InfluxDB doesn't work after reboot, problem with rights

Hello,
I have a problem with InfluxDB running on Raspberry.
Initially I installed it following this tutorials: InfluxDB+Grafana persistence and graphing and InfluxDB+Grafana persistence and graphing - #86 by ThomDietrich
and everything was working perfectly. Signals from sensors were going to InfluxDB on the same Raspberry and I could view them with Grafana on my laptop.

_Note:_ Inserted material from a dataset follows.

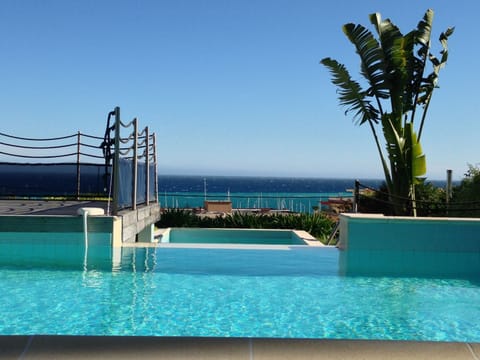 Chateau Vallaya pool & the  Mediterranean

However, until the first reboot (sorry, did it by simply unplugging the power, but this must be permitted, since there can be and are electricity cut-offs and system must handle this without problems).
After reboot - no new data in the InfluxDB.
I found that the influxd service is not running:

openhabian@openhabian:~ $ influx
Failed to connect to http://localhost:8086: Get http://localhost:8086/ping: dial tcp [::1]:8086: connect: connection refused
Please check your connection settings and ensure 'influxd' is running.

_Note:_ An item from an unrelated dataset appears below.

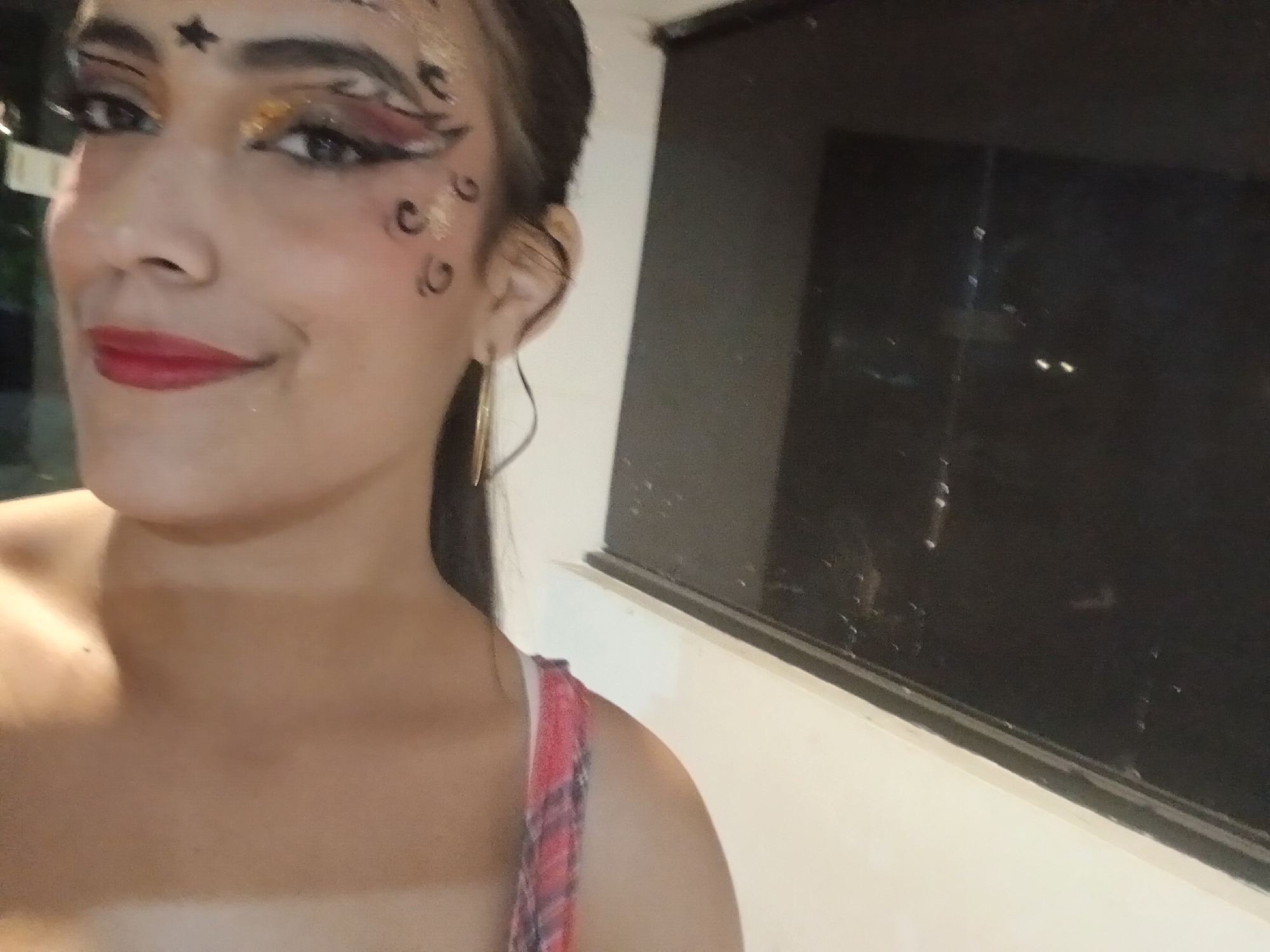 A close-up, slightly angled image captures a young adult female, visible from the chest up, looking directly at the camera with a slight smile. Her face features elaborate makeup, including a black star on her forehead, gold glitter eyeshadow, extended black eyeliner with red accents, and black curved markings with gold glitter on her left cheek. Her lips are adorned with red lipstick. She wears a gold hoop earring on her left ear and a red and white plaid strap on her right shoulder. The background is out of focus, revealing a dark, reflective window pane with faint light reflections and a white wall beneath it, indicating an outdoor evening or nighttime setting. The scene is located in Playa El Agua, Venezuela.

Then, after some research I found problem with rights:

openhabian@openhabian:~ $ systemctl stop influxd
openhabian@openhabian:~ $ /usr/bin/influxd -config /etc/influxdb/influxdb.conf &> /tmp/influxdb.log
openhabian@openhabian:~ $ cat /tmp/influxdb.log
..... some lines here ...
run: open server: open tsdb store: mkdir /var/lib/influxdb/data/_internal/_series: permission denied

Then I found possible solution here: docs.influxdata. com/influxdb/v1.8/troubleshooting/systemd/ (sorry, not allowed to insert more than two links) and here: github. com/influxdata/influxdb/issues/8912#issuecomment-431896205) (to change the owner of /var/lib/influxdb to influxdb). Tried but still error when tried to restart the service with restart command:

openhabian@openhabian:~ $ sudo chown -R influxdb:influxdb /var/lib/influxdb/*
openhabian@openhabian:~ $ sudo systemctl restart influxdb.service
Job for influxdb.service failed because the control process exited with error code.
See "systemctl status influxdb.service" and "journalctl -xe" for details.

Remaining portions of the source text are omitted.